Tau mRNA expression is induced by oestrogen, as well as tamoxifen, and correlates with oestrogen receptor (ER) expression [18, 22, 24]. It is possible that greater paclitaxel treatment effects observed in patients with Tau negative, ER-positive tumours who also received hormonal therapy may be skewed by the greater effect of addition of a taxane in those with less endocrine therapy sensitive disease. High Tau mRNA expression was shown to be significantly associated with reduced risk of recurrence (at both 5 and 10 years, p = 0.005 and p = 0.05, respectively) in patients treated with tamoxifen, indicating a potential predictive value of high Tau expression for endocrine therapy [18]. However, the positive association between Tau and ER expression within ER-positive tumours may explain this observation, addressing this question was one of the motivations of the current study.

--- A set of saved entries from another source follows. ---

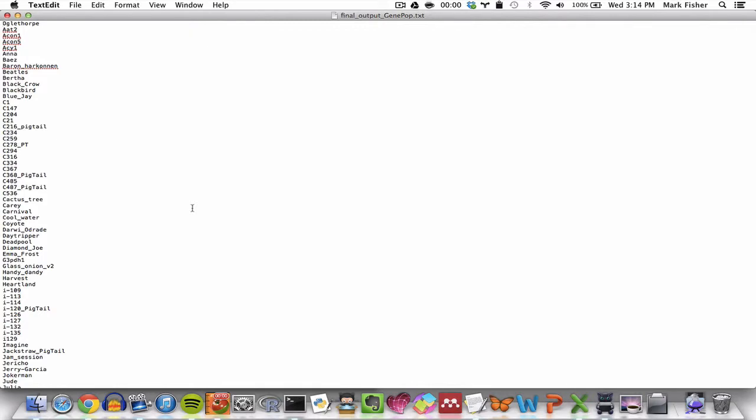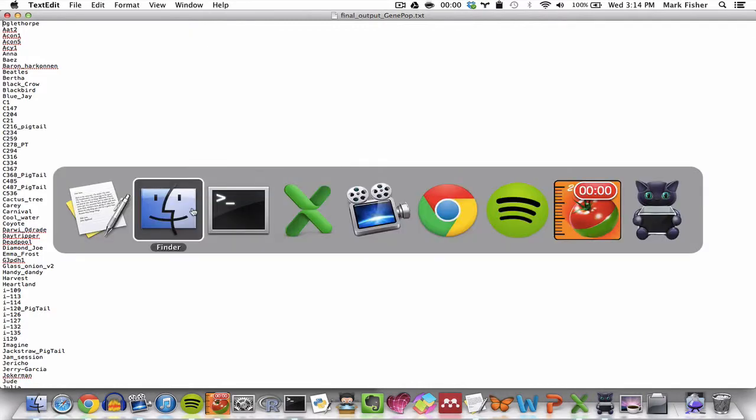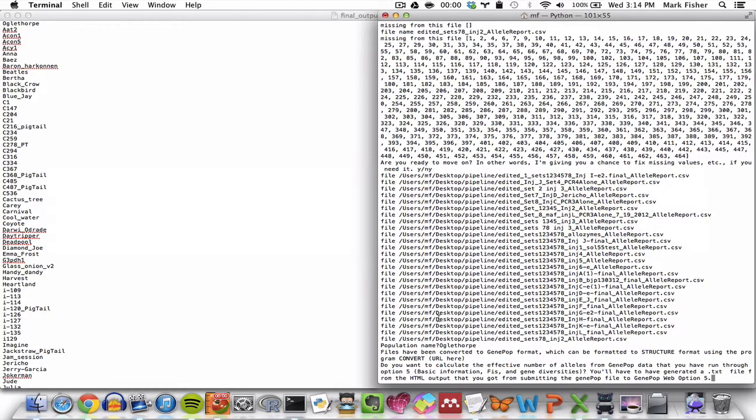Okay. And at this point, the pipeline asks you whether you want to calculate effective number of alleles with the help of GenePop. And if you do, you type Y or yes. So, yes.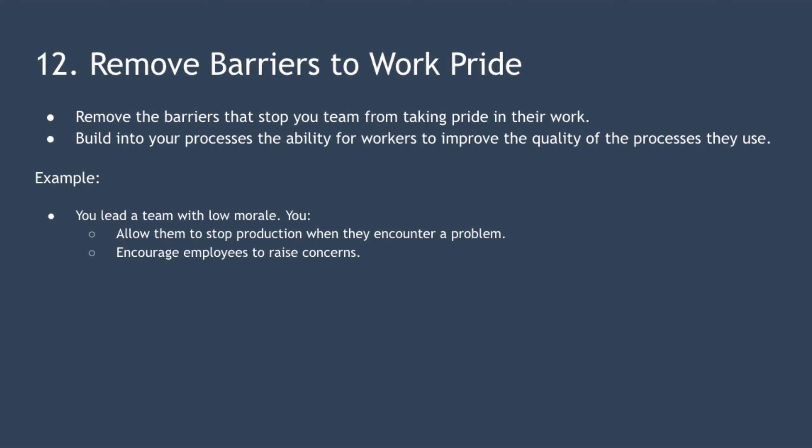For example, imagine you've recently been appointed to lead a team manufacturing widgets. Morale is low because although your team are experts in what they do, they have no authority to change the processes that they perform. So you decide to help your team regain pride in their work by allowing them to stop production whenever they encounter a problem to fix the issue at source once and for all, and by encouraging employees to raise concerns and responding quickly to those concerns.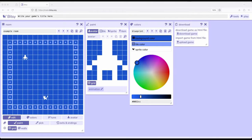Welcome to a tutorial video on Bitsy 8. In this video, I'm going to show an extended example I'm calling Seasonal Rooms. I'm going to go ahead and change the game's title here to Seasonal Rooms.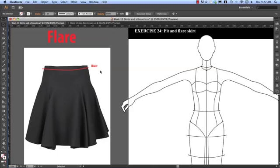In this video I'm going to show you how to create this flare skirt. The reason I've chosen the flare skirt is because there are a few things we need to look at when we're creating garments.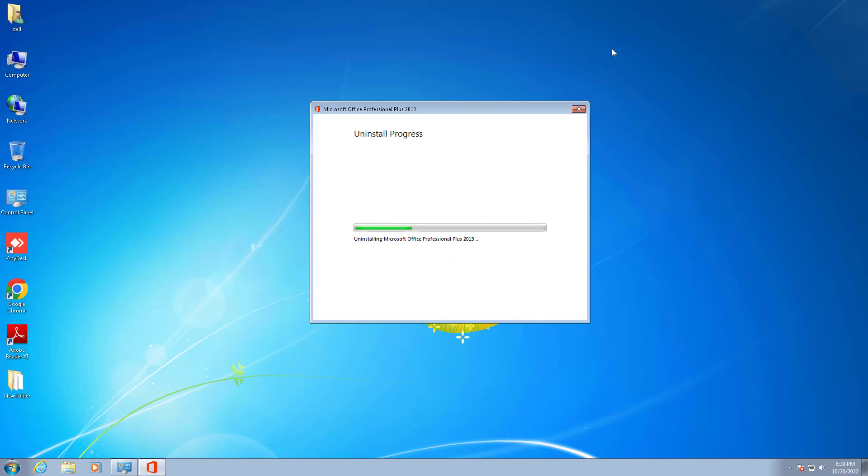Now the uninstallation is progressing rapidly.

As well as linking high Tau expression with endocrine sensitive disease and poorer response to chemotherapy, high Tau expression has been shown to be an independent good prognostic factor in some series [18, 20, 22, 23, 25]. In NSABP B-28 study (n = 1,942), a positive prognostic effect of high Tau expression was found in patients with ER-positive tumours. However, there were too few (n = 97) Tau positive patients in the ER-negative group to confidently address this question for this subgroup [23]. In contrast, a more recent study by Baquero et al. [26], reporting on the Yale University breast cancer cohort (n = 651) consisting of 57 % ER-negative cases, Tau showed a prognostic value in patients with ER-negative tumours. It is noteworthy that the immunohistochemistry (IHC) staining and scoring procedures were fundamentally different between the two studies. The relationship between ER and Tau in relation to prognosis and taxane treatment benefit prediction thus remains unclear and further study with separate analyses of ER-positive and negative tumours, and quantitative analyses of degree of expression of these biomarkers, are required to explore the Tau and oestrogen association in more detail. The TACT trial translational tissue database provides an appropriate test-bed for assessing biomarkers such as Tau. The goal of this translational study was to clarify the prognostic and predictive value of Tau using tissue specimens from patients enrolled into TACT.

Patients and methods

This study is reported in accordance with REMARK criteria [27], and biomarker analysis was performed in a GCLP-compliant facility.

Patients

A total of 4,162 patients with node-positive or high-risk node-negative operable early breast cancer were randomised within the TACT trial to FEC (fluorouracil 600 mg/m2, epirubicin 60 mg/m2 and cyclophosphamide 600 mg/m2) four cycles followed by docetaxel (100 mg/m2) four cycles, or control. Control regimens were FEC60 for a total of eight cycles or epirubicin (100 mg/m2) for four cycles followed by classical CMF (cyclophosphamide 600 mg/m2, methotrexate 40 mg/m2 and fluorouracil 600 mg/m2) for four cycles [7].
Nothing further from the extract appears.